Mas em muitas dessas perdas
aprendemos também a não esperar muito das pessoas. Às vezes imaginamos que já
estão suficientemente amadurecidas e preparadas para viver a fé no contexto
episcopal-anglicano, mas contatamos que falhamos muito na formação e no excesso
de confiança depositada. Isso nos remete ao problema da formação:
O dilema da formação –
Educação cristã para crianças e formação teológica para adultos é algo muito
difícil de fazer em nossos dias. Por mais que enfatizássemos a necessidade de
reunirmos para estudar a Bíblia, textos teológicos da Comunhão Anglicana ou
técnica musical, poucos se interessaram, e os que se mostraram interessados não
tinham tempo. Até o momento não conseguimos desenvolver uma disciplina de
estudo bíblico e teológico que muita falta faz à comunidade. Empenhamo-nos por
tentar suprir essa carência através dos sermões escritos, sempre preparados com
antecedência, revisados, enviados por email ou publicados no site, mas temos
dúvidas se todos leem. Parece que para a maioria das pessoas, o simples momento
do culto é suficiente, e não percebem que há, no anglicanismo, uma enorme
riqueza espiritual, teológica e litúrgica a ser absorvida.
Um sonho a mais não faz mal… –
Apesar de todos esses problemas, o trabalho missionário ainda nos cativa. É
certo que às vezes desanimamos.

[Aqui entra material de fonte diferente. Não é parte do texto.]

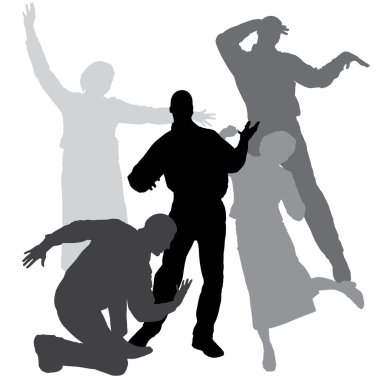 dans siluet vektör.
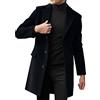 Generico Trench a Vento da Uomo Casual Lungo Cappotto in Tweed Elegante Cappotti Manica Lunga Doppiopetto Ufficio Trench Coat Uomo di Lana Business Caldo Slim Fit Giubbotto Classico Autunno e Inverno Nuovi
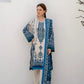 3 Pieces - Marooj Unstitched Off White BanaDora Linen Suit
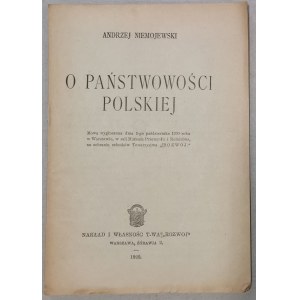 Niemojewski A. - O państwowości polskiej, 1920
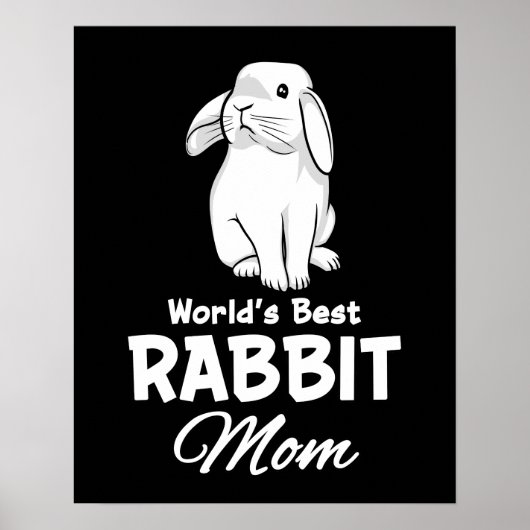 Poster Monde meilleur lapin maman lapin mère lapin (Devant)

Gostaríamos de que a comunidade tivesse um
templo próprio, que não precisaria ser grande, mas que fosse construído com uma
arquitetura condizente com a solenidade dos ritos celebrados; gostaríamos de
ter salas e espaço para educação cristã, formação musical, etc; gostaríamos de
ter uma cozinha e uma área própria para confraternização, mas isso ainda não é
possível.
Um templo fixo favoreceria a
prática dos ofícios diários. Poderíamos ter um ofício breve de oração
(meia-hora) com hinos e música de qualidade, todos os dias da semana (pela
manhã e à tarde), com bênção da saúde. Mesmo que nem todos frequentassem, seria
responsabilidade do clérigo estar presente na hora indicada e iniciar o ofício,
pois o clérigo é, acima de tudo, “sacerdote”, que ora pelas necessidades do
mundo e por aqueles que não têm tempo para estarem ali celebrando com ele.

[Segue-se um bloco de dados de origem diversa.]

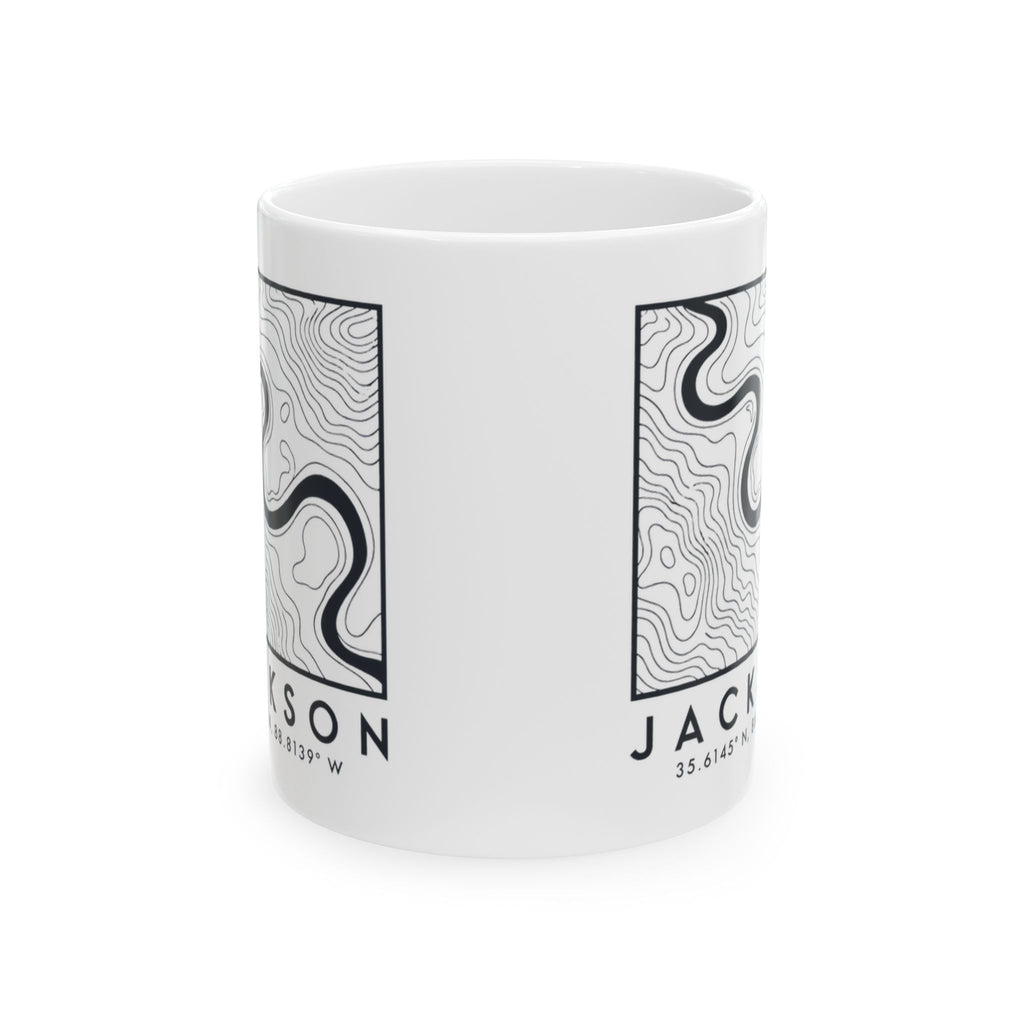 Jackson Topo Map Mug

Naturalmente, uma comunidade
episcopal-anglicana não se limita ao culto. A liturgia, porém, é o momento
sublime, de onde flui a missão e, a partir da celebração regular, poderíamos
constituir uma comunidade com outras frentes de trabalho e de serviço ao mundo
– escola de música, centro de formação para jovens, atuação em direitos
humanos, etc.
O futuro está à nossa frente.
Sonhos existem, mas só se tornam realidade quando são sonhados
comunitariamente. Por enquanto, descansamos nas palavras de Jesus no evangelho
do domingo:
“Assim também vós, depois de
haverdes feito quanto vos foi ordenado, dizei: Somos servos inúteis, porque
fizemos apenas o que devíamos fazer”.